The impact threw up a dust cloud that caught fire. A circular wave of flame swept over the entire city of Alyss. The blaze lapped against the tower and hill both. Shona felt the heat scald her face and hands. Then it vanished.
The silence that followed was as deafening as the blast.
Meda spoke in a conversational tone. “Well, I never.”
Fareed laughed out loud and pointed north. “The sahib, he is just warming up.”
From the ruined tower came a faint cry, but Shona could not make out the words. “What is he saying?”
“I expect,” Fareed replied, “the sahib is introducing himself.”

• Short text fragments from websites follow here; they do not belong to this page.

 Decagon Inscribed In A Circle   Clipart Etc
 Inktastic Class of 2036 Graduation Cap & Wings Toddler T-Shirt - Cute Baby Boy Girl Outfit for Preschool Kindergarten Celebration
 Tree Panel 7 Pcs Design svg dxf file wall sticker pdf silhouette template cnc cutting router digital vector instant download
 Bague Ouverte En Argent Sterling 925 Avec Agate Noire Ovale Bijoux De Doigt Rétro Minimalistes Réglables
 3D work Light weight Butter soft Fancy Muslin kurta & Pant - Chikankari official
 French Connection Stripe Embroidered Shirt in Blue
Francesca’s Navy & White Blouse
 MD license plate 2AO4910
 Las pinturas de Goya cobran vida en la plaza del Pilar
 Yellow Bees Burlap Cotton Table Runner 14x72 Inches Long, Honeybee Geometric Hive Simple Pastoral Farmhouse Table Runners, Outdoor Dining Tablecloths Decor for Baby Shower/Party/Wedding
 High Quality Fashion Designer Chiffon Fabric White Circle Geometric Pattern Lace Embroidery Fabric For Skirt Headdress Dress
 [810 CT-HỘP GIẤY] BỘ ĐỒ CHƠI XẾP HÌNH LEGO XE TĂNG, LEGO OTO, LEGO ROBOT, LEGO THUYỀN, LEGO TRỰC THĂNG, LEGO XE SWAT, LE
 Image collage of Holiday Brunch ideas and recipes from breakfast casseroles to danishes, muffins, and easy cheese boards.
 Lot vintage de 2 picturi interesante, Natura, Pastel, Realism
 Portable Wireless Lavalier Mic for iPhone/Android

“My name is Hyam,” he shouted. “I am human. I am Milantian. I serve as emissary to the Ashanta. I am crowned by the last Elven king. You have stolen something precious from me. I want it back.”
He turned to the grinning Selim. “Loose another arrow.”
“With pleasure.” Selim lifted his bow and aimed to the right of his first shot.
Hyam cast his series of partial spells, the words coming now with swift ease.
WHUMP!
He waited until the tidal force had broken against the tower’s base. Into the silence he shouted, “Return to me the vial holding my mate’s life-breath. Grant my company safe passage to and from the harbor. Vow never to set foot in any human or Elven or Ashanta settlement. And I will let you beg me for your lives.”
WHUMP!
“Respond or perish!”
WHUMP!
Selim loosed another arrow when the first enemy appeared. The arrow became a fiery fist that pounded the earth a hundred paces from an opening where warriors climbed forth. Hyam cast the spell and sent out a further circular flame. When the wave subsided, it appeared to him that the impact had not affected the warriors. He could see where several more openings had appeared, where before there had been nothing except yellow dust and ruins.
“Here they come!” Selim notched another arrow.
“Hold,” Hyam said, waving the caravan master to lower his weapon. “We may need those.”
“What are we to do?”
Hyam was wondering the same thing. For the dozens of warriors had become hundreds, and still more climbed out and formed into ranks and marched with weapons drawn. All of them headed straight for their tower. Hyam doubted they were actually Milantians. If so many real foes existed, then all was lost. For him, his company, and the entire realm.
“Hyam?”
“I’m thinking.”
As if in response, the two mages atop the distant hill struck.